Oh hai. This is going to be one of those blogs, you know, the ones where i haven't actually done anything entertaining or relevant, like falling down a mountain or eating raw horse flesh or setting fire to my own feet, but I feel teeming, bursting SWELLING with things to say, and since I have this wonderful medium, things shall be said.

Today was a particularly unusual February day, in that the temperature reached a positively tropical 5 degrees. It was almost warm. The snow was melting off carports in rhythmic patterns and my walk to school was bathed in watery light.

I could almost remember summer. I could almost remember the colour of a sky that's not a dirty bruised green with unshed snow.

School has been slow and mellow. My third years have fled the corridors for the libraries and the inner sanctums of their clever minds, and so school seems quiet, as does my schedule. I can't complain - I have time to write, time to read, time to study Japanese. In the last two weeks I've read five new books, which is impressive even by my Superman standards (if you're interested, Lolita was fabulous and moving, Hearts in Atlantis wasn't nearly as scary as I've come to expect from old Mr King; Howl's Moving Castle reminded me why I don't particularly care for Diana Wynne Jones' writing; The Seventh Trumpet reminded me why I reeaally should have paid more attention in hisotry and should possibly think twice before visiting Russia and Essential Hemmingway made me lay my head down, exhausted).

I also had time to do this:

The whole Nail Art phenomenon had more or less passed me by, until one most excellent friend (you know who you are, AG) requested some of Japan's tackiest for her upcoming birthday, and I was forced into the stores to do some serious research because, you know, I love her and stuff. Of course, as the above illustrates, I don't love her enough to prevent me from putting her birthday present on my ten digits. Soz. Seriously though, shopping for this stuff was mind-boggling. I know that Japan loves its glitz and its glam and its plushy, pushy, kitten-covered, cracked-out, glittery gawdy nonsensical fabulousness but I wasn't prepared for the two full aisles of nail adornments that awaited me. This is naive, I realise, given that I'm living in a country that has spawned people like this girl:

I feel like she should come with a R18 sticker on her forehead. She's the ultimate in fantasy, the doll made real, Polly Pocket gone gothic. Her nails, though, are tame compared to those I found awaiting purchase (AG, you are safe, these are not those that are winging their way to you):

Can you imagine having those on your fingers?

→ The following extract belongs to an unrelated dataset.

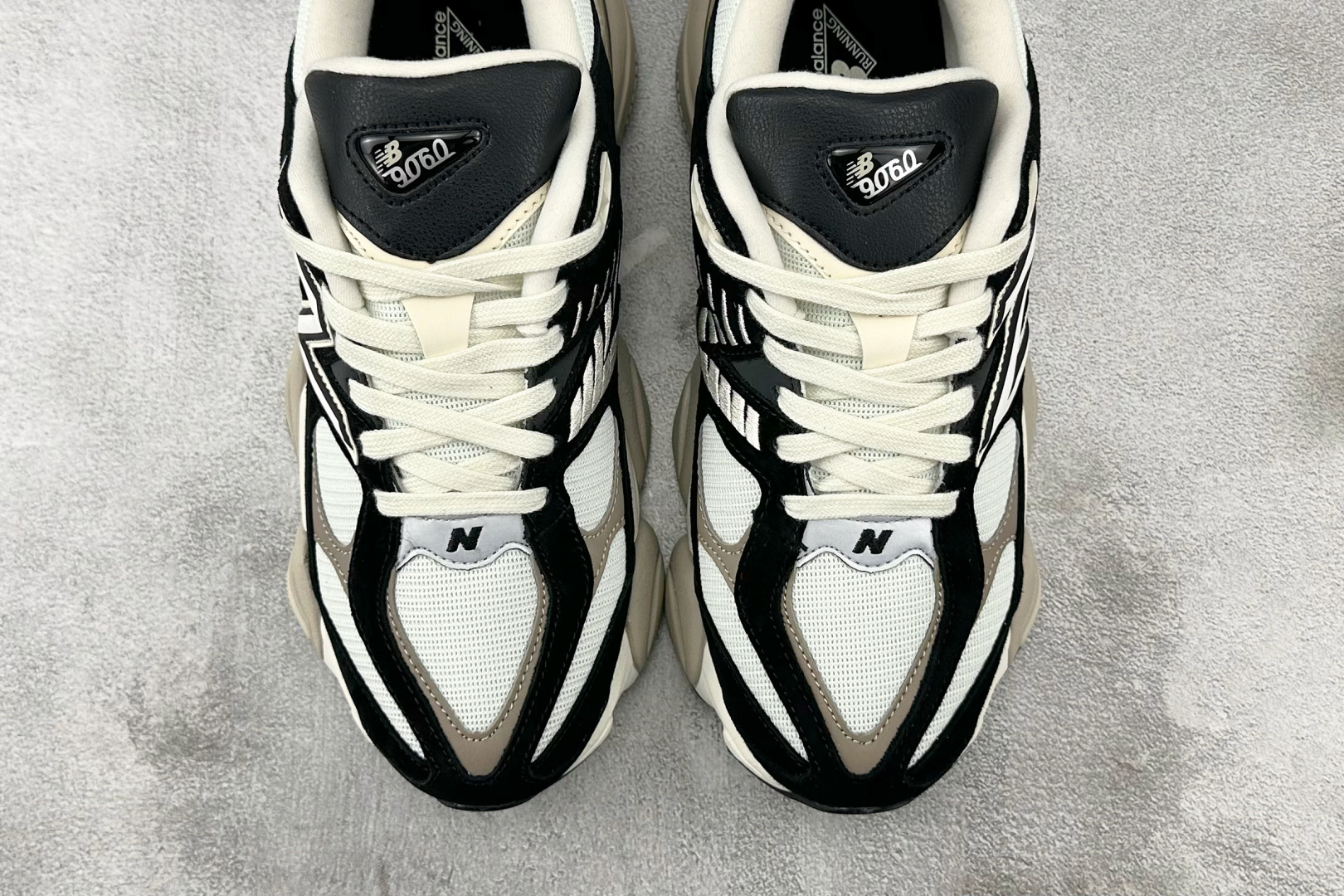 240 大厂出品 New Balance NB 9060 Sea Salt 黑白 U9060BLZ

I feel like I'd be unable to do anything; like I'd go to do something wonderful like pen a novel or save a child and be so totally mesmerized by my own digits that I'd just stand still and perform spirit fingers endlessly.

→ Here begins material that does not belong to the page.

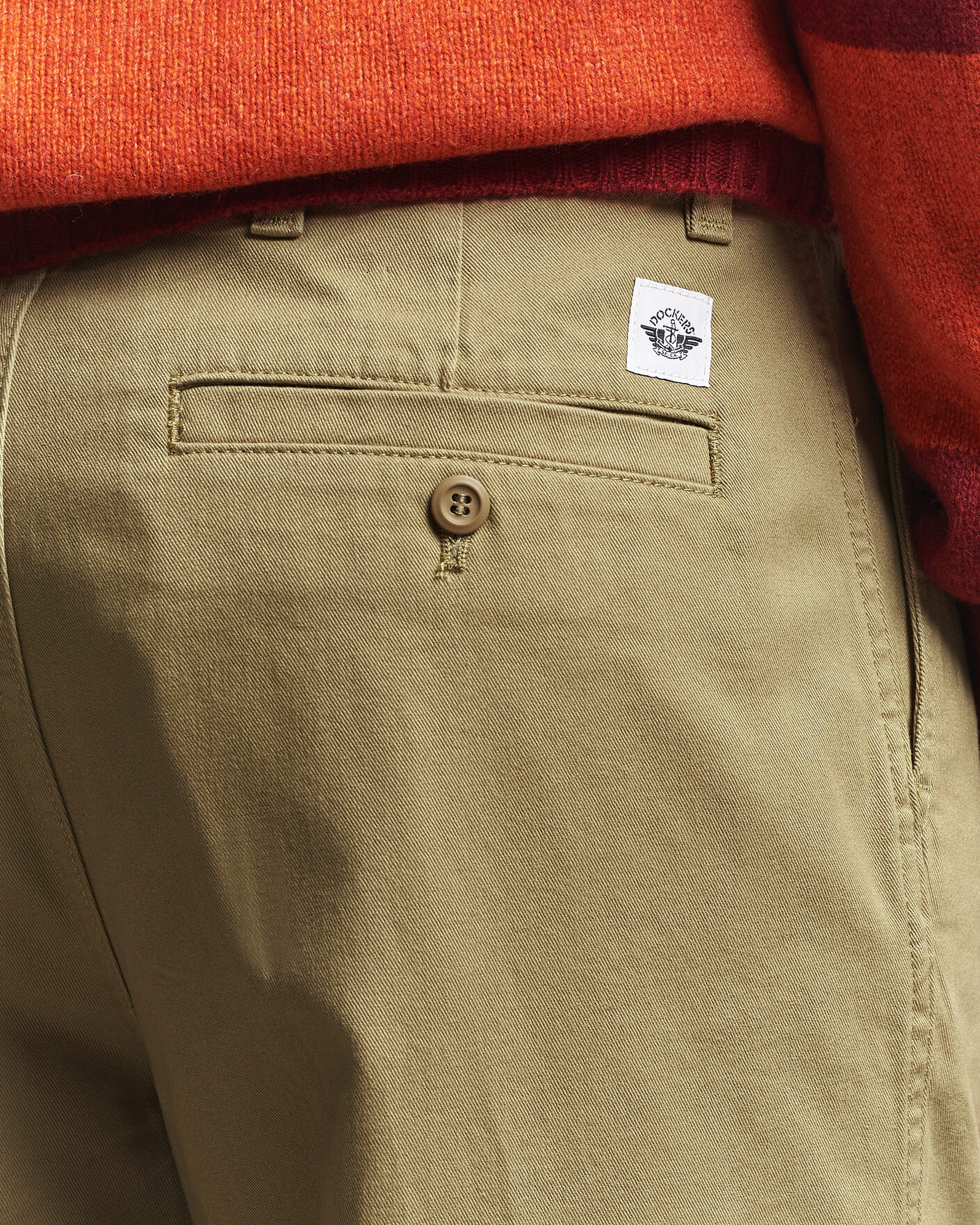 Herr | Byxor | Dockers | Original Pleated Chino Loose British Khaki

In other news, the weather has been doing this:

I've turned so pale I'm almost irridescent:

When I Skype my bronzed, beautiful sisters, I turn the contrast settings up as high as they go, so I can ignore the fact that they look like Malibu Barbies and I look like Bella gone bad (bitofa Twilight reference in there for y'all, I'm hard and fast with the literature today).

I'm continuing to labour on with Japanese classes (if anyone's keeping track, I now know approximately 5 words). This week was some sort of Japanese special affair, the observance of which involved making sushi, and facing in a particular direction to eat it. This was considerably more entertaining than conjugating verbs, and I'm resting safe in the knowledge that if my future career as a *insert something meaningful and important here* fails, I can turn to sushi making:

You make me feel like I'm living a... White Dream? Is that racist? Should I have put them in my mouth? Oh well.

I'm running out of pictures now, and with a dearth of pixels so too dries up my commentary.

To end of a loving note, Valentine's Day approaches. This is a big deal in Japan and the supermarkets are full with all the necessaries for making homemade delicacies to present to your loved ones. The done thing in Japan is home-made chocolate, heart-shaped, decorated with sprinkles, elegantly wrapped and absolutely beautiful. However, the supermarkets also recognise that there are those among us for whom that particular task is as beyond reach as Pluto, and they have furnished an alternative, one which I gladly took.